» Task directions: Once you reach the line with "North Face Puff Vest - Picture 13 of 14", copy it and every line after it exactly, up to the end of the data. Omit the pictures.

Start of The input

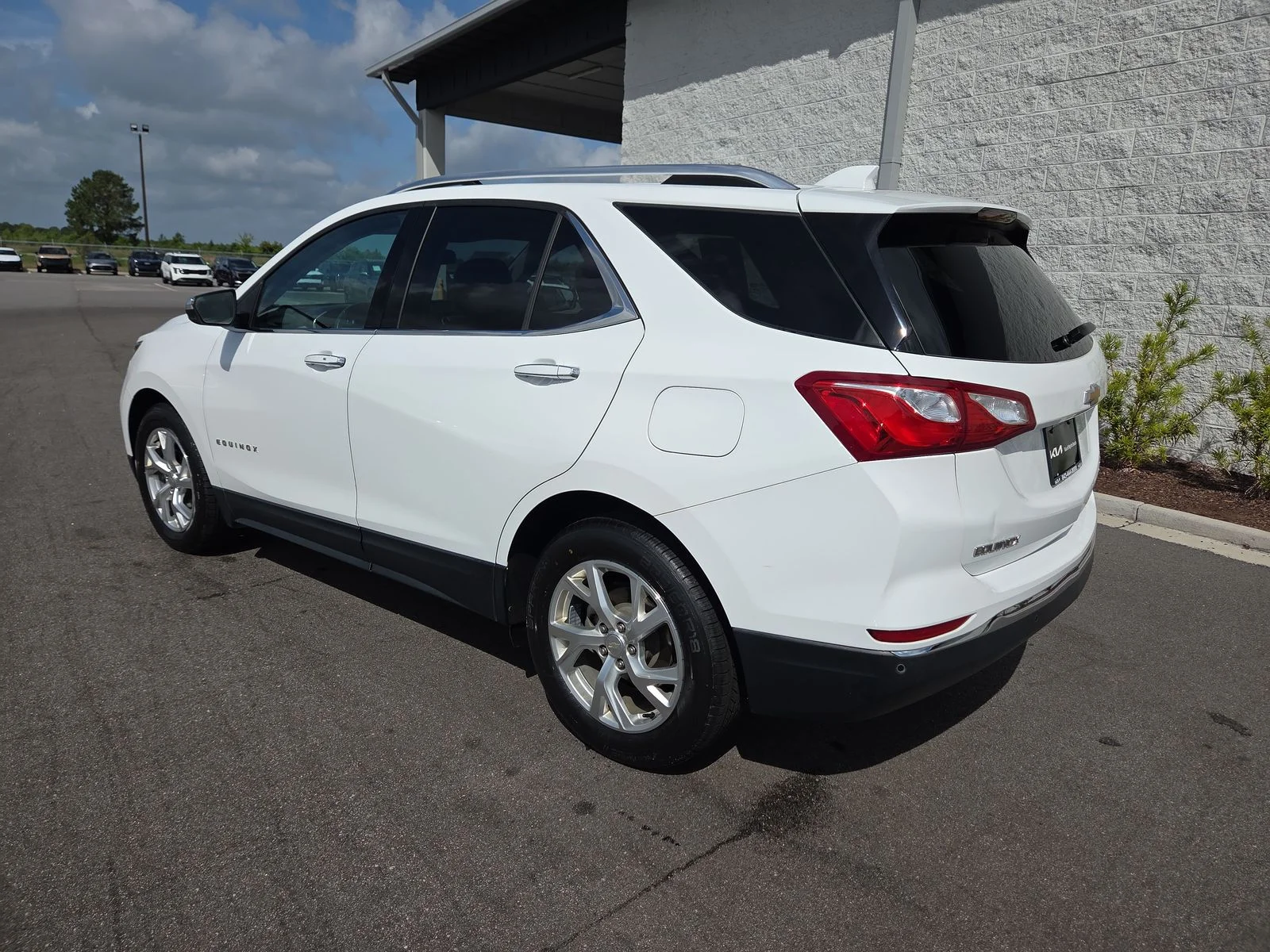 Used 2020 Summit White Chevrolet Premier image 3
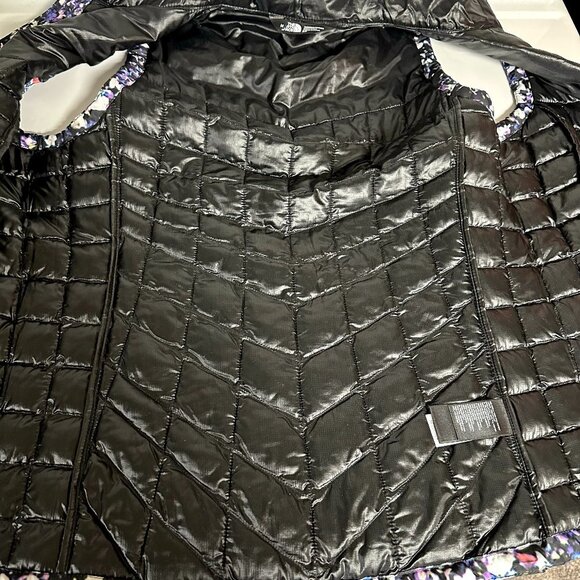 North Face Puff Vest - Picture 13 of 14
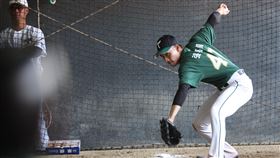 張喜凱遇低潮  一度不敢進牛棚中職台鋼雄鷹隊下勾投手張喜凱2022年遇到大低潮，一度連牛棚都不敢進；他在休賽季去找「阿鈣」廖于誠練球，有非常大的收穫，也因此將背號換成47號。圖為張喜凱在開訓後進牛棚練投。中央社記者張新偉攝  112年1月27日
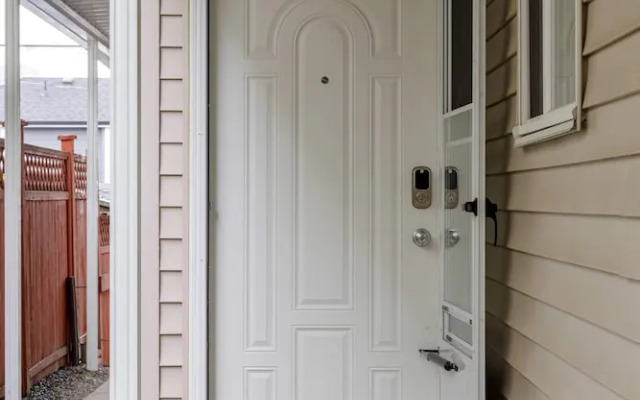 4665 Canadaway - Unit 4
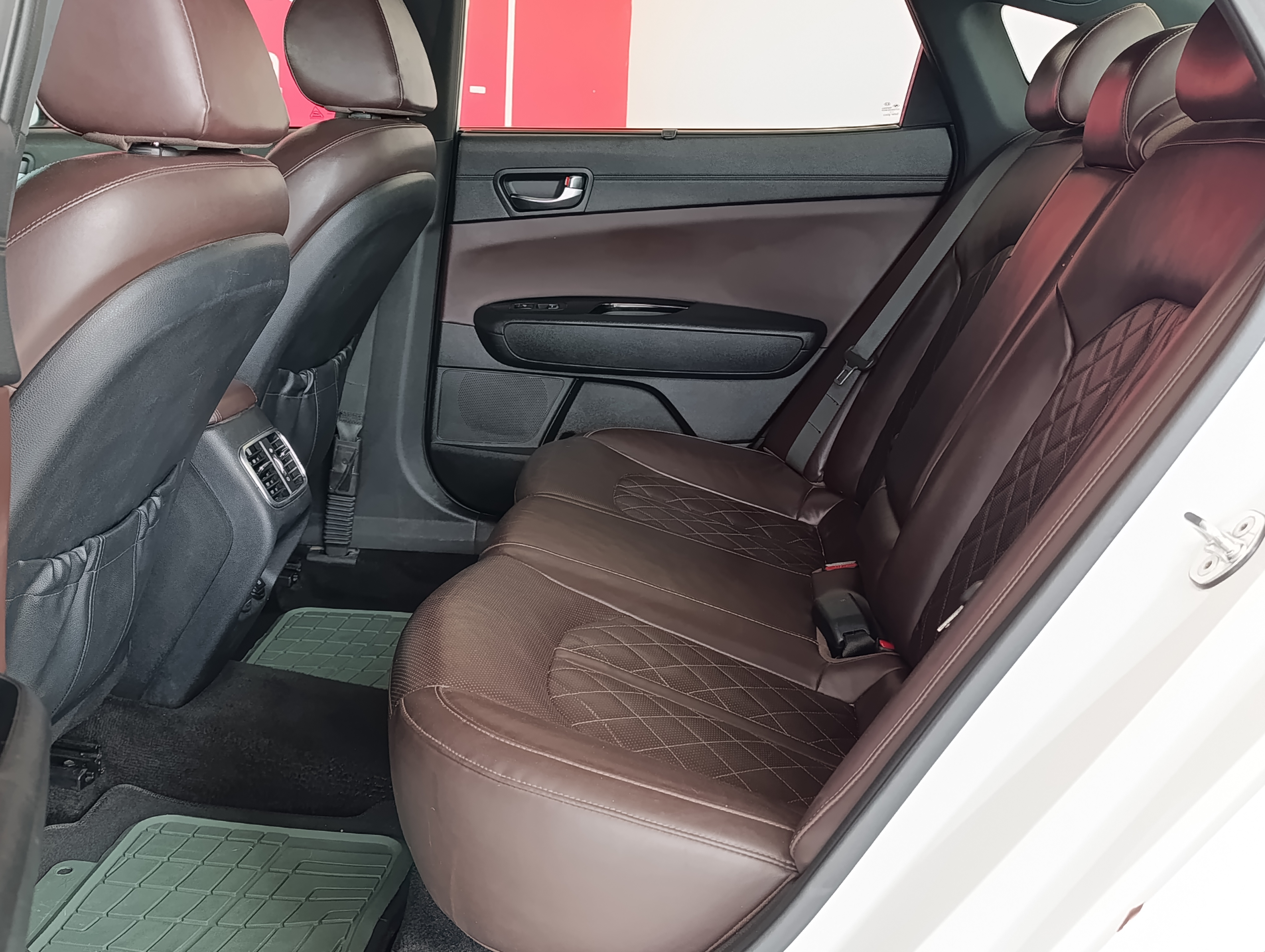 KIA Optima Llantas 7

End of The input

» Exercise result:
 North Face Puff Vest - Picture 13 of 14
 張喜凱遇低潮  一度不敢進牛棚中職台鋼雄鷹隊下勾投手張喜凱2022年遇到大低潮，一度連牛棚都不敢進；他在休賽季去找「阿鈣」廖于誠練球，有非常大的收穫，也因此將背號換成47號。圖為張喜凱在開訓後進牛棚練投。中央社記者張新偉攝  112年1月27日
 4665 Canadaway - Unit 4
 KIA Optima Llantas 7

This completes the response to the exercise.